Much of the island of Bahrain is low and flat, but toward the interior the land rises gradually to about 400 feet (122 m) above sea level. Rainfall averages less than 5 inches (127 mm) annually; high temperatures and high humidity prevail most of the year.
Manama is the capital and largest city of Bahrain. Arabic is the language used by most Bahrainis. English, Farsi ans Urdu are also spoken. Most of the people are Arabs and followers of the Islamic faith. Bahrain's literacy rate is about 90 per cent. Schooling is free for all children.
|Facts in brief about Bahrain|
|Official language: Arabic.|
|Official name: Kingdom of Bahrain.|
|Form of government: Constitutional monarchy. Head of state—King.|
|Area: 268 mi2 (694 km2). Greatest distances—north-south, 50 mi (80 km); east-west, 26 mi (42 km). Coastline—78 mi (126 km).|
|Elevation: Highest—Jabal ad Dukhan, 443 ft (135 m) above sea level. Lowest—sea level.|
|Population: Current estimate—722,000; density, 2,694 per mi2 (1,040 per km2); distribution, 97 percent urban, 3 percent rural. 2001 census—650,604.|
|Chief products: Agriculture—dates, tomatoes. Fishing—shrimp, crab, rabbit fish, perch, sea bream, grouper. Manufacturing—aluminum and aluminum products, ammonia, iron, liquid natural gas, methanol, refined petroleum products. Mining—natural gas, petroleum.|
|Flag: On the flag of Bahrain, a red field covers about three-fourths of the flag and adjoins the jagged edge of a vertical white stripe, which consists of five triangles. The five triangles represent the five pillars of Islam.|
|Money: Basic unit—Bahraini dinar. One thousand fils equal one dinar.|
Bahrain's economy depends heavily on the production, refining, and shipment of oil. Production and reserves, however, are relatively small. An undersea pipeline from Saudi Arabia brings in additional oil, which with local production supplies a large refinery on Sitrah. Part of the refinery's output goes back to Saudi Arabia; the rest is exported to all parts of the world.
Because of the oil industry, Bahrain is a relatively prosperous country. As part of a government plan to broaden the economy, an aluminum-manufacturing plant was built to process imported alumina, and natural gas fields are being developed. Shipping and international banking are becoming increasingly important.

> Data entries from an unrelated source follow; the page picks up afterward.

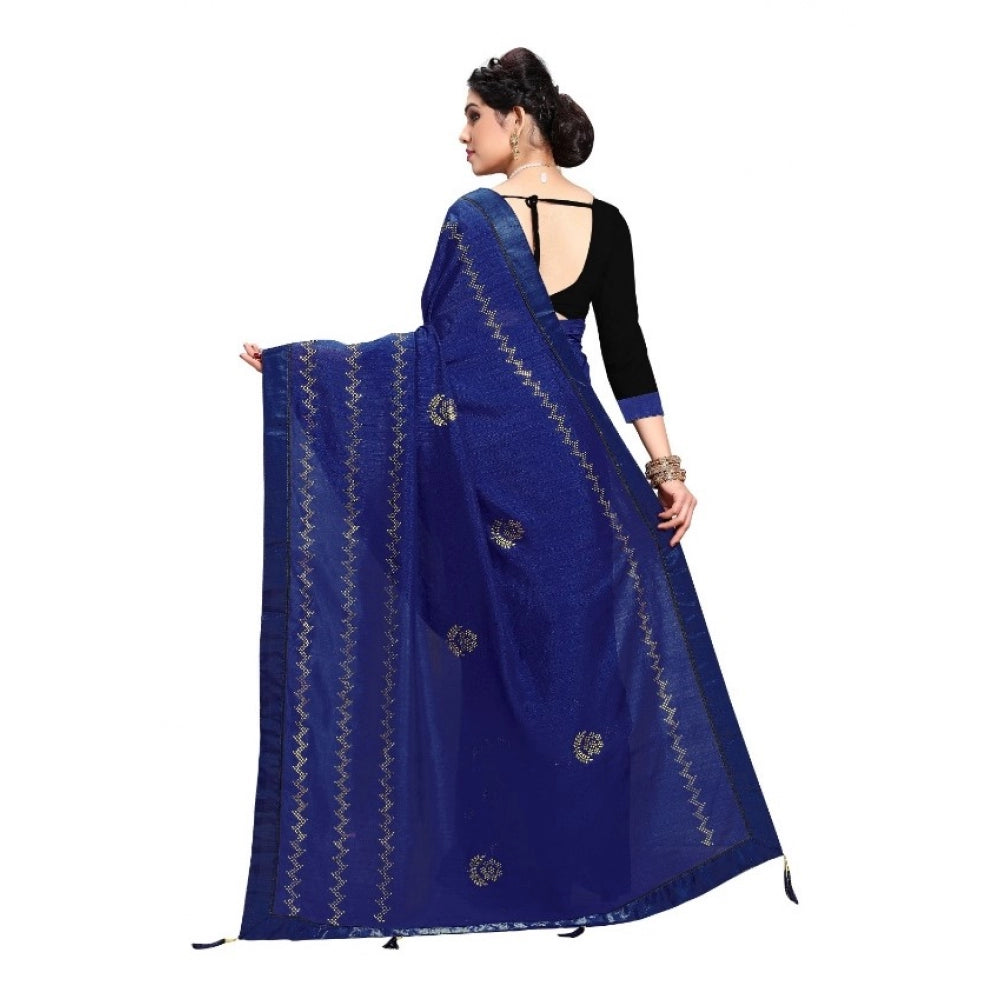 Vichitra Silk HotFix Stone Work Saree With Blouse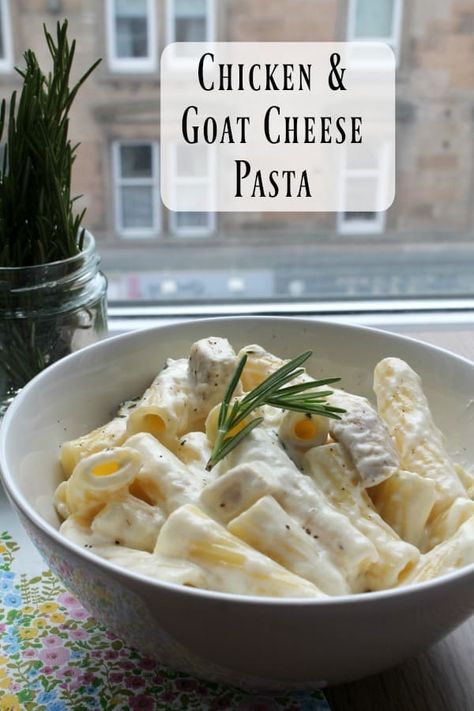 Lemon Goat Cheese Pasta, Chicken And Goat Cheese Pasta, Goat Cheese And Chicken Recipes, Pasta Goat Cheese Recipes, Goat Cheese Mac And Cheese, Goat Cheese Pasta Sauce, Chicken Goat Cheese, Goat Cheese Sauce, Courtney Williams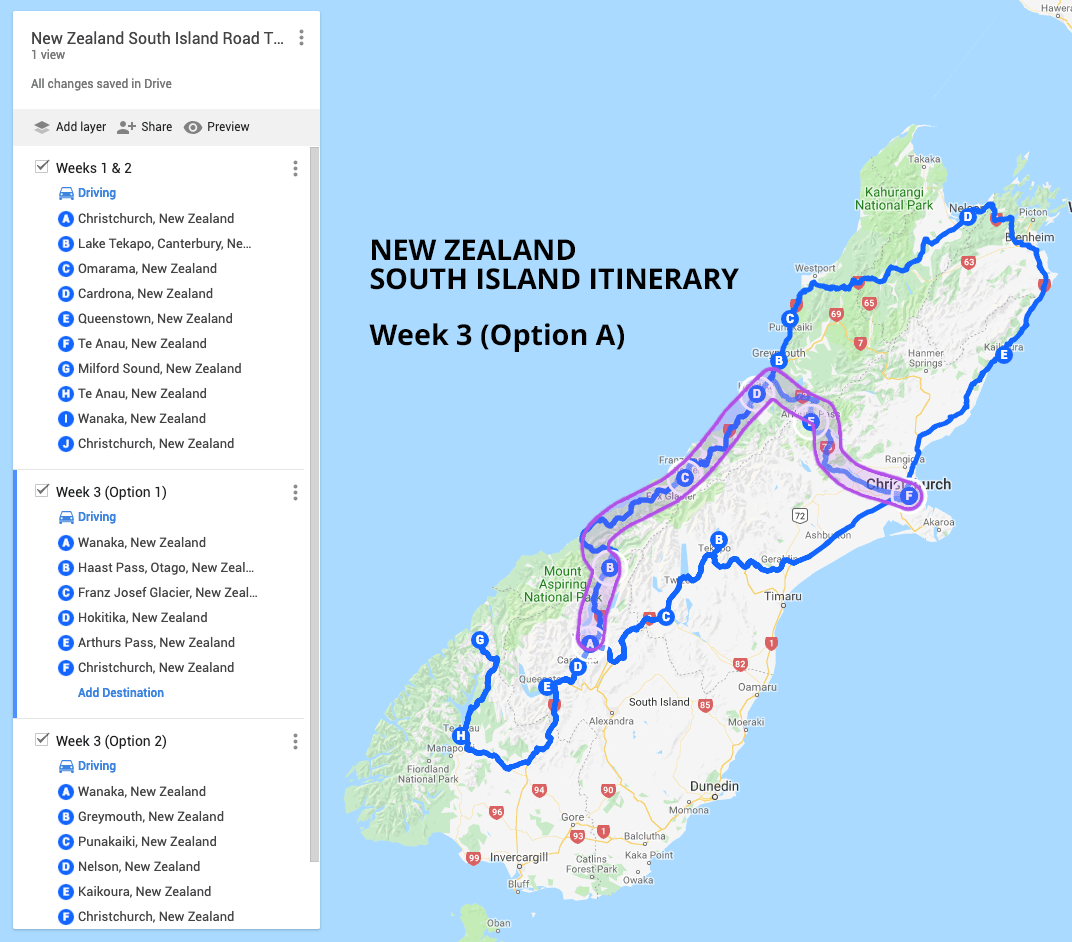 New Zealand South Island Itinerary Weeks 3 Option A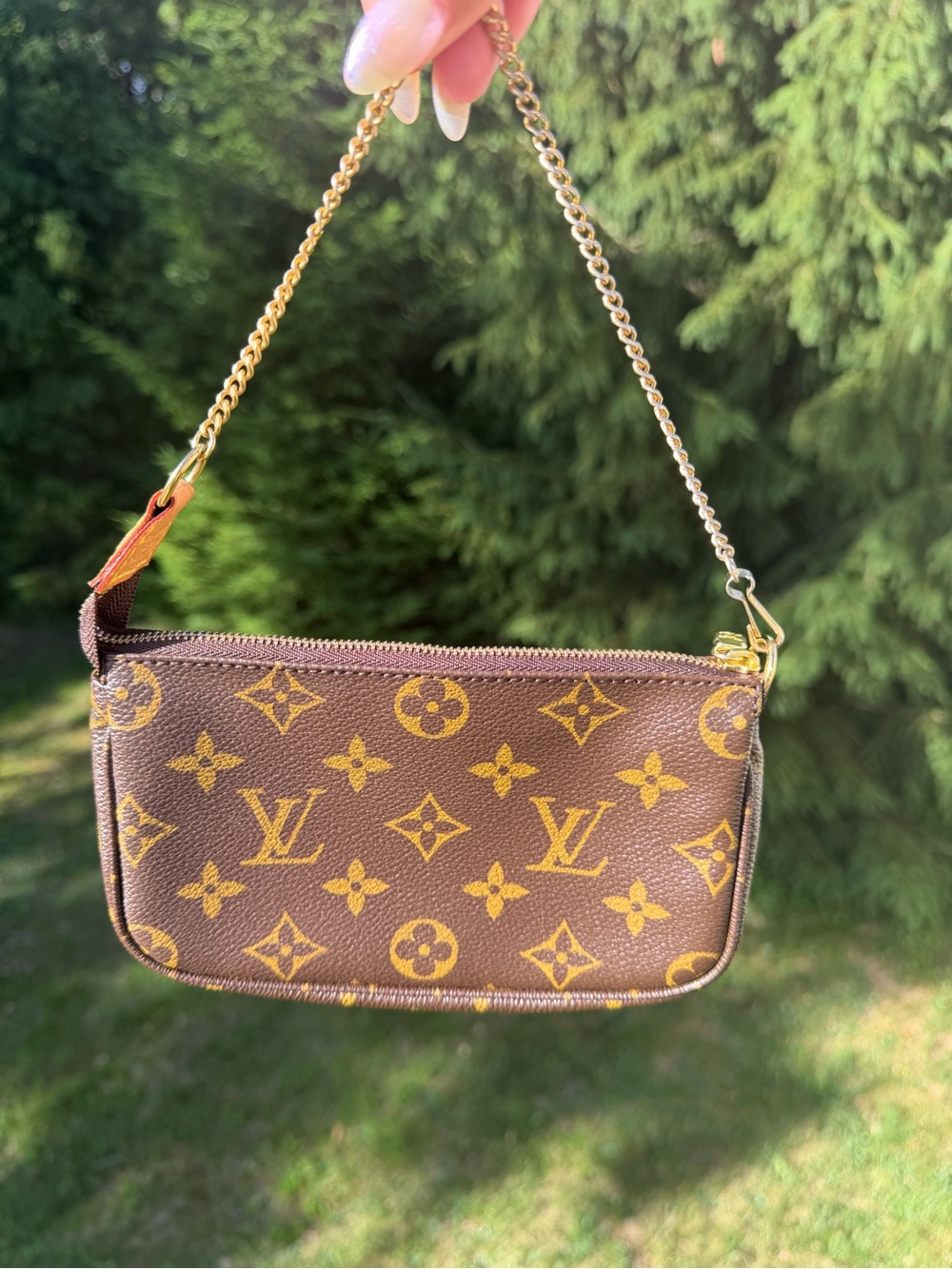 Louis Vuitton Brown Monogram Mini Pochette with Gold Chain Strap - Picture 2 of 6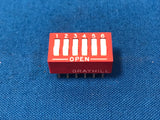 76SB06 GRAYHILL  Dip Switch SPST 6 Position through hole Rocker actuator  150ma-30vdc. (sold in lot of 10pcs)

Fishing also contributes to the economy. Bahrain's basic currency unit is the Bahrain dinar.
Due to a reform voted on in 2001, Bahrain was changed from an emirate to a constitutional monarchy in 2002. The king is the chief of state. Bahrain has a bicameral parliament; the members of one house of parliament are elected by the people, and the members of the other are elected by the king.